Problem requirements: Any picture must be dropped, but each line of the data should be duplicated exactly.
[Given data — start]
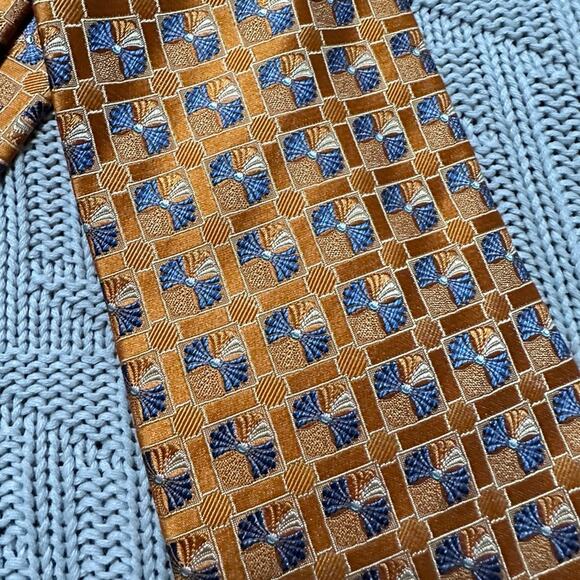 Ermenegildo Zegna orange fan printed geometric silk tie - Picture 2 of 5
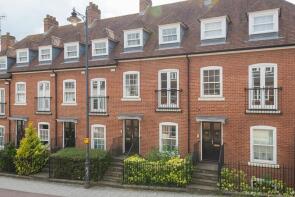 140, Station Road West, Canterbury CT2 8HY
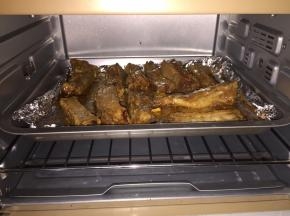 送入提前预热好的烤箱中层，上下火，180度约25分钟，期间可翻动翻动排骨
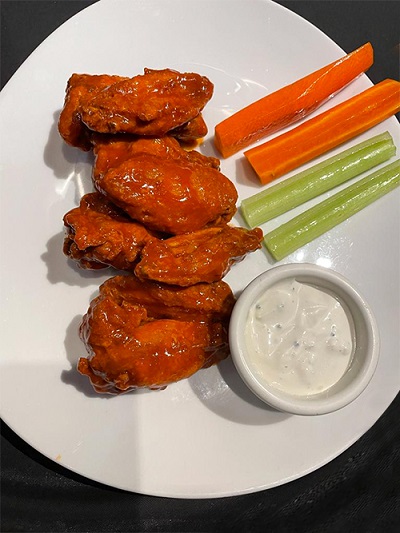 Buffalo wings with buffalo sauce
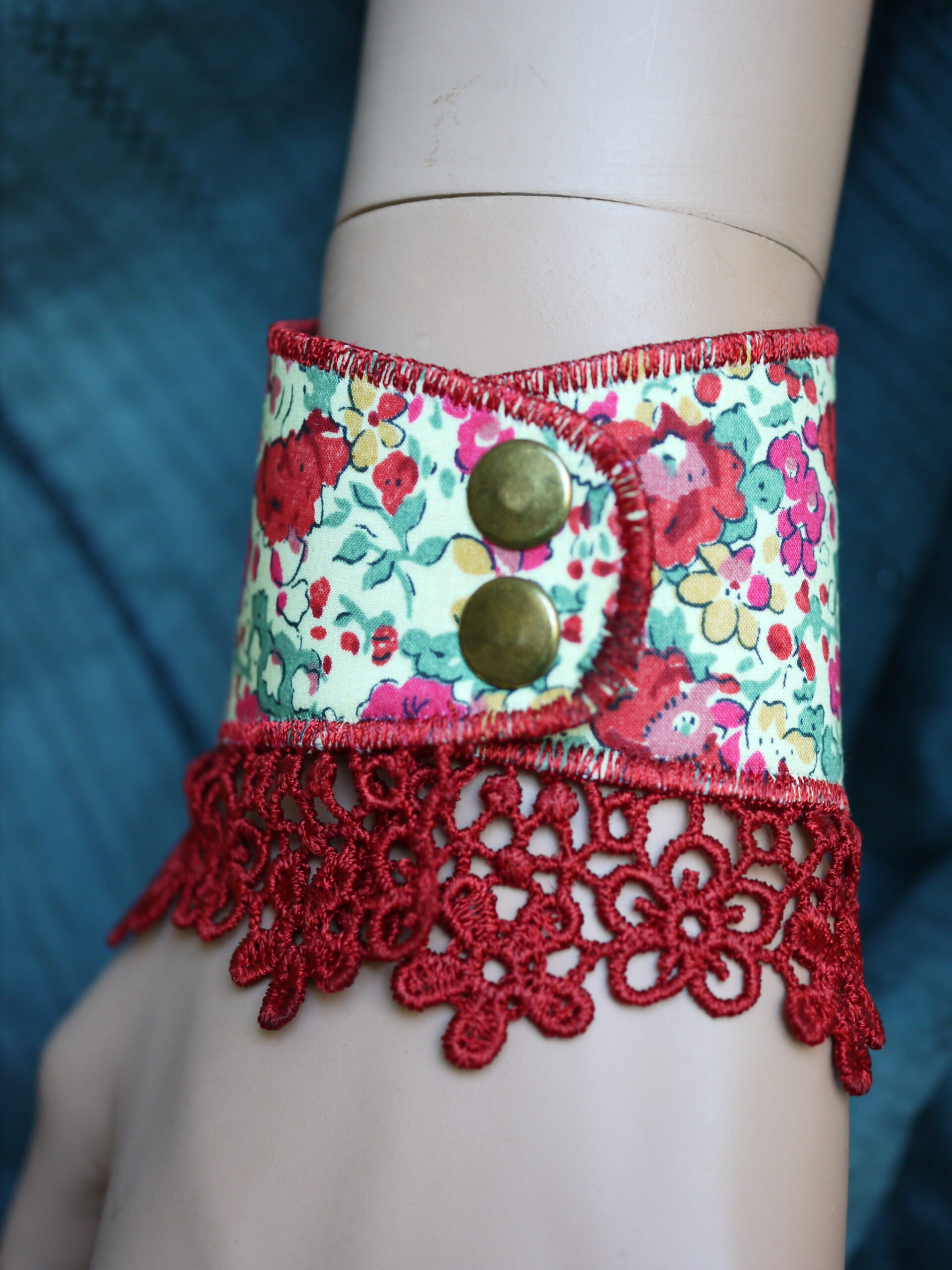 Bracelet manchette en cuir et tissu liberty Tatum – Image 3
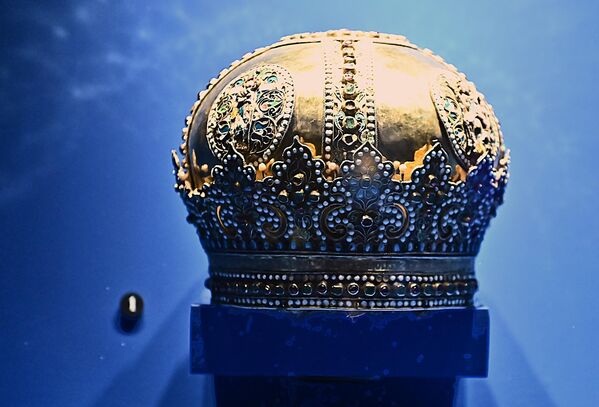 Žive veze sa Rusijom održavao je i patrijarh Arsenije III Crnojević čija je mitra, koju je Patrijarh 1697. dobio od grada Moskve, deo postavke.  - Sputnik Srbija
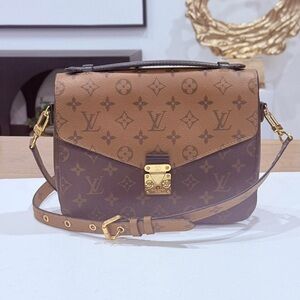 ⭐️Louis Vuitton Pochette Métis Reverse Monogram Authentic⭐️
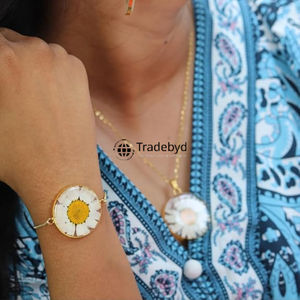 Bracelets en résine Tradebyd Bijoux élégants faits à la main parfaits pour les tenues décontractées Festivals et besoins de cadeaux - Product Image 5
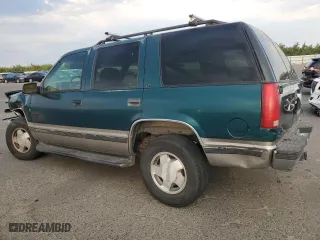 1998 Chevrolet Tahoe with VIN 1GNEK13R4WJ322201, listed as a Copart auction lot 64249464 with 241,168 mi miles and Salvage Title. Bid and sale history available at carsss.com. Image 2.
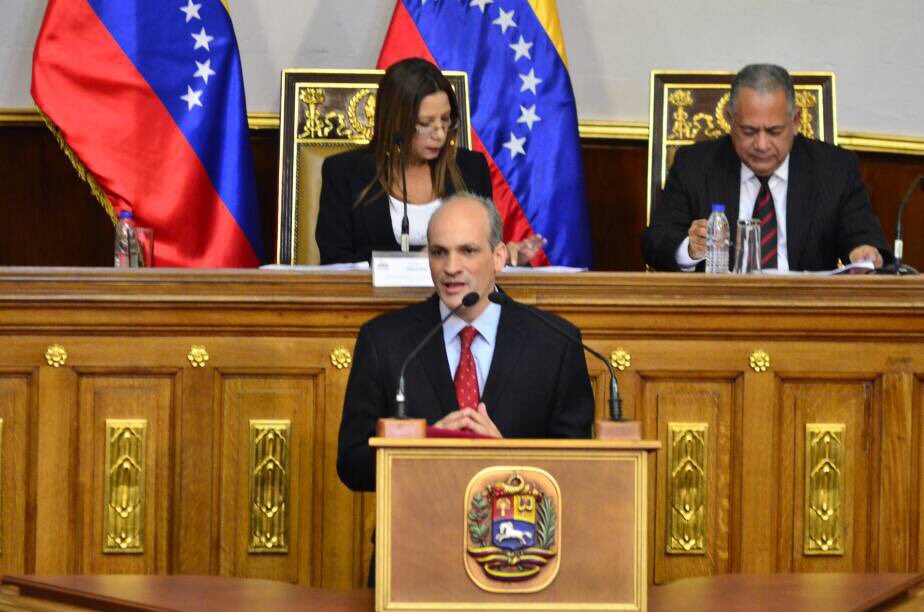 Menéndez presentó ante la ANC cubana la ley contra la “guerra económica”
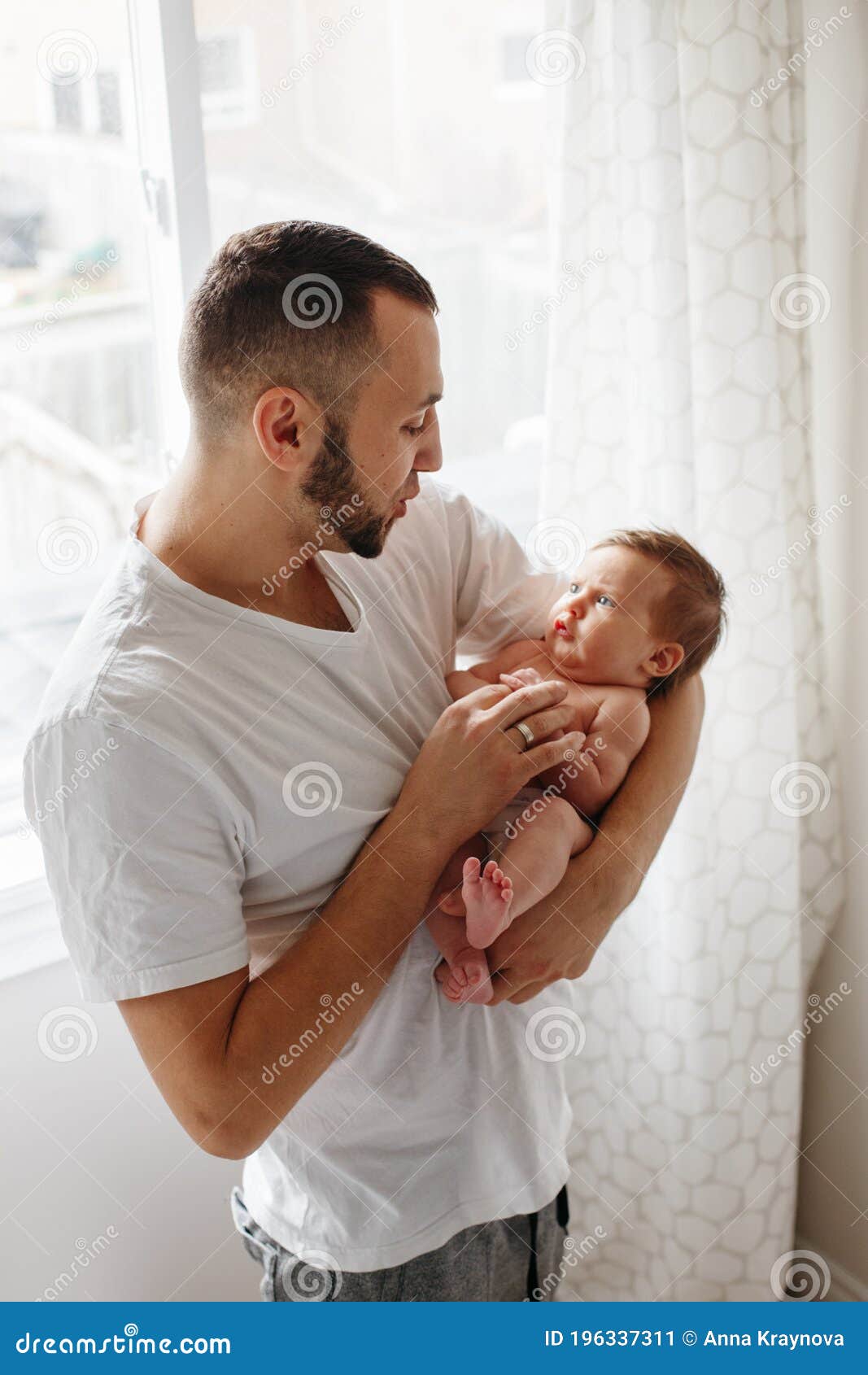 아기와 상호 작용하는 젊은 부모 사진 무료 다운로드 - Lovepik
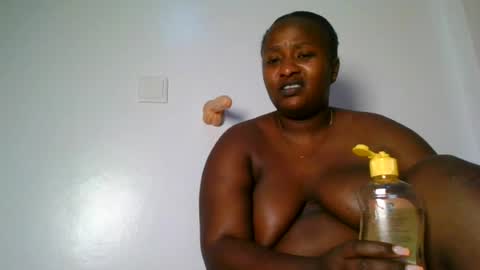 tikah_ online show from July 27, 8:39 pm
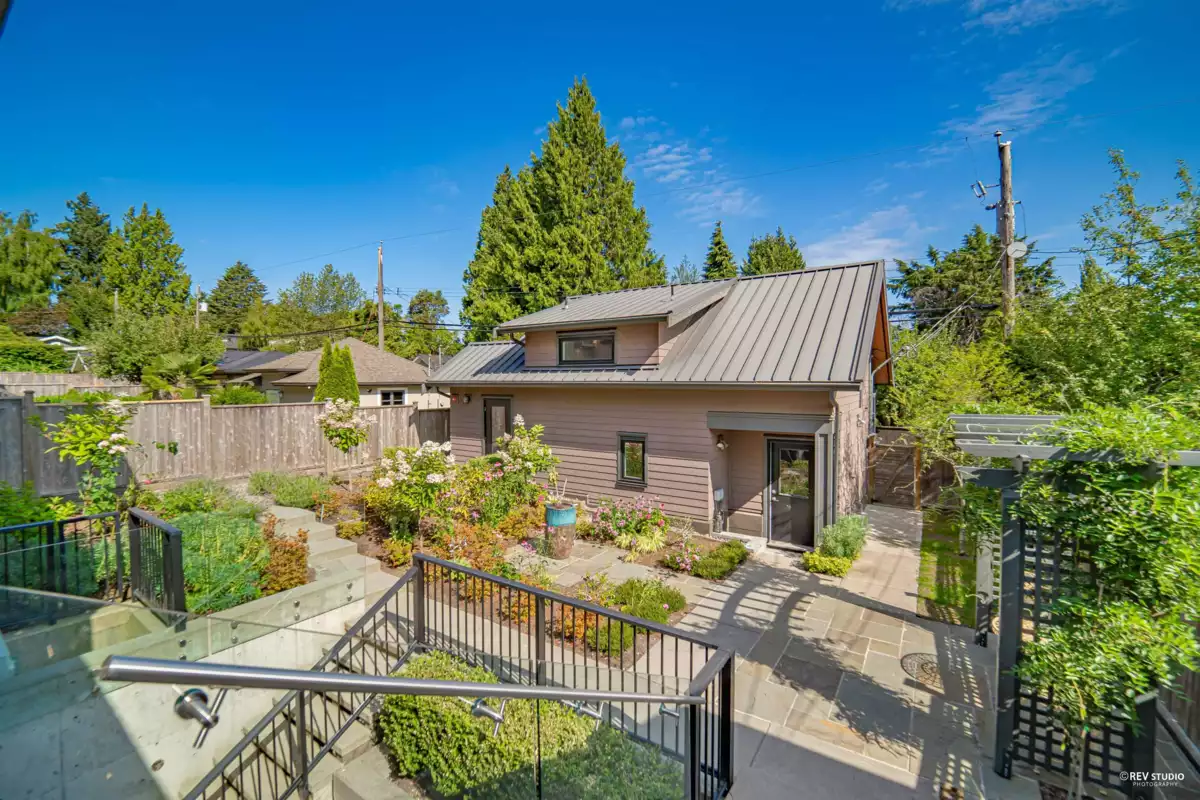 Outdoor Kitchen Photo of 3853 W 14th Avenue, Vancouver, BC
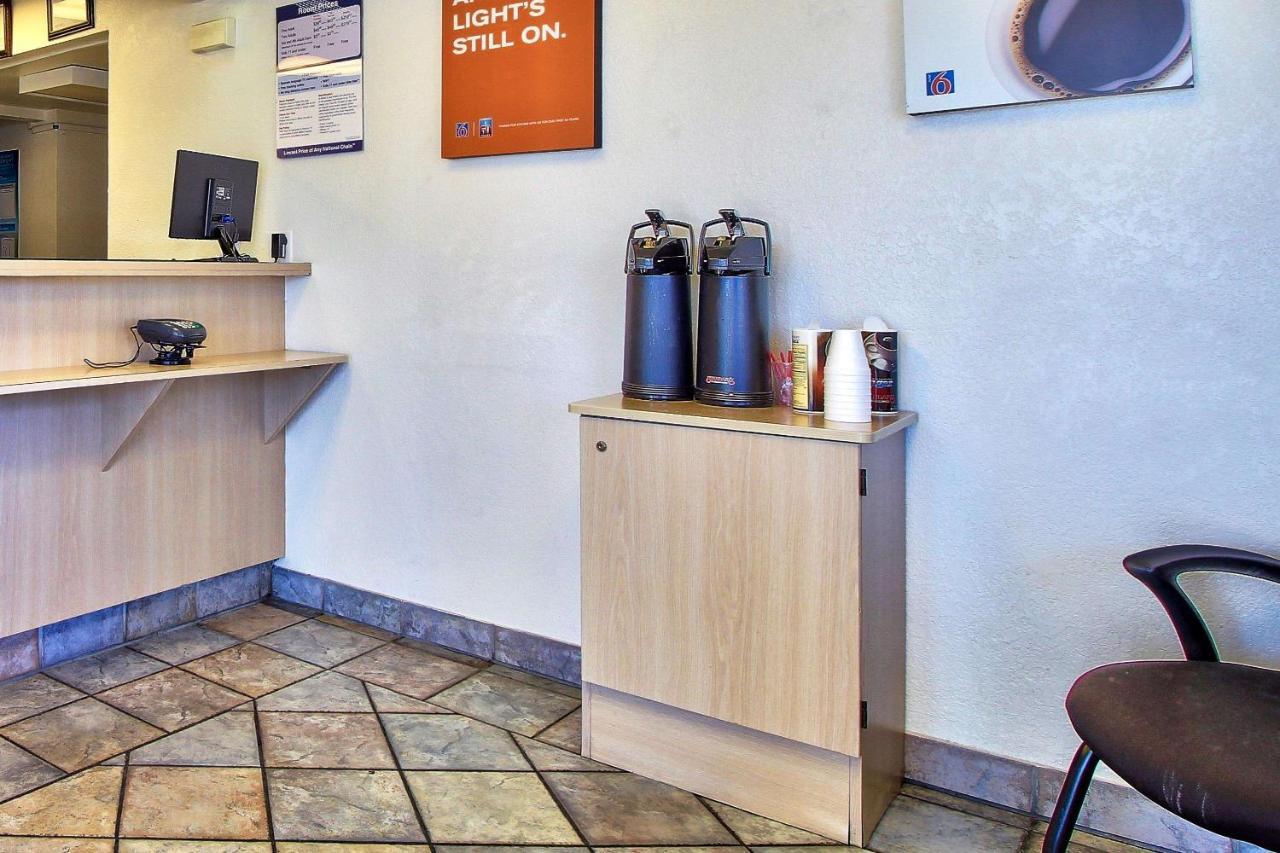 6-nogales, Az - Mariposa Road Hotel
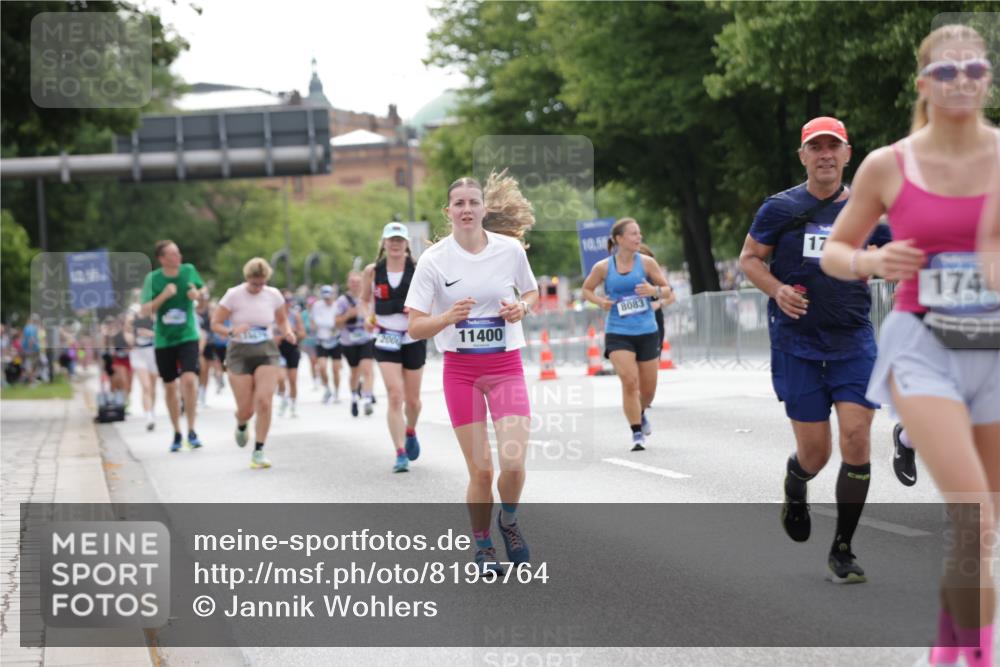 29.06.2025 - hella hamburg halbmarathon Jannik Wohlers http://msf.ph/oto/8195764 29.06.2025 10:24:38 Lombardsbrücke 1740, 2000, 2249, 3920, 4008, 4010, 5126, 7778, 8083, 9573, 11400, 11921, 14649, 15153, 15679, 15942, 17185, 17954, 18194, 18198 meine-sportfotos.de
[Given data — finish]
Exercise answer:
 Ermenegildo Zegna orange fan printed geometric silk tie - Picture 2 of 5
 140, Station Road West, Canterbury CT2 8HY
 送入提前预热好的烤箱中层，上下火，180度约25分钟，期间可翻动翻动排骨
 Buffalo wings with buffalo sauce
 Bracelet manchette en cuir et tissu liberty Tatum – Image 3
 Žive veze sa Rusijom održavao je i patrijarh Arsenije III Crnojević čija je mitra, koju je Patrijarh 1697. dobio od grada Moskve, deo postavke.  - Sputnik Srbija
 ⭐️Louis Vuitton Pochette Métis Reverse Monogram Authentic⭐️
 Bracelets en résine Tradebyd Bijoux élégants faits à la main parfaits pour les tenues décontractées Festivals et besoins de cadeaux - Product Image 5
 1998 Chevrolet Tahoe with VIN 1GNEK13R4WJ322201, listed as a Copart auction lot 64249464 with 241,168 mi miles and Salvage Title. Bid and sale history available at carsss.com. Image 2.
 Menéndez presentó ante la ANC cubana la ley contra la “guerra económica”
 아기와 상호 작용하는 젊은 부모 사진 무료 다운로드 - Lovepik
 tikah_ online show from July 27, 8:39 pm
 Outdoor Kitchen Photo of 3853 W 14th Avenue, Vancouver, BC
 6-nogales, Az - Mariposa Road Hotel
 29.06.2025 - hella hamburg halbmarathon Jannik Wohlers http://msf.ph/oto/8195764 29.06.2025 10:24:38 Lombardsbrücke 1740, 2000, 2249, 3920, 4008, 4010, 5126, 7778, 8083, 9573, 11400, 11921, 14649, 15153, 15679, 15942, 17185, 17954, 18194, 18198 meine-sportfotos.de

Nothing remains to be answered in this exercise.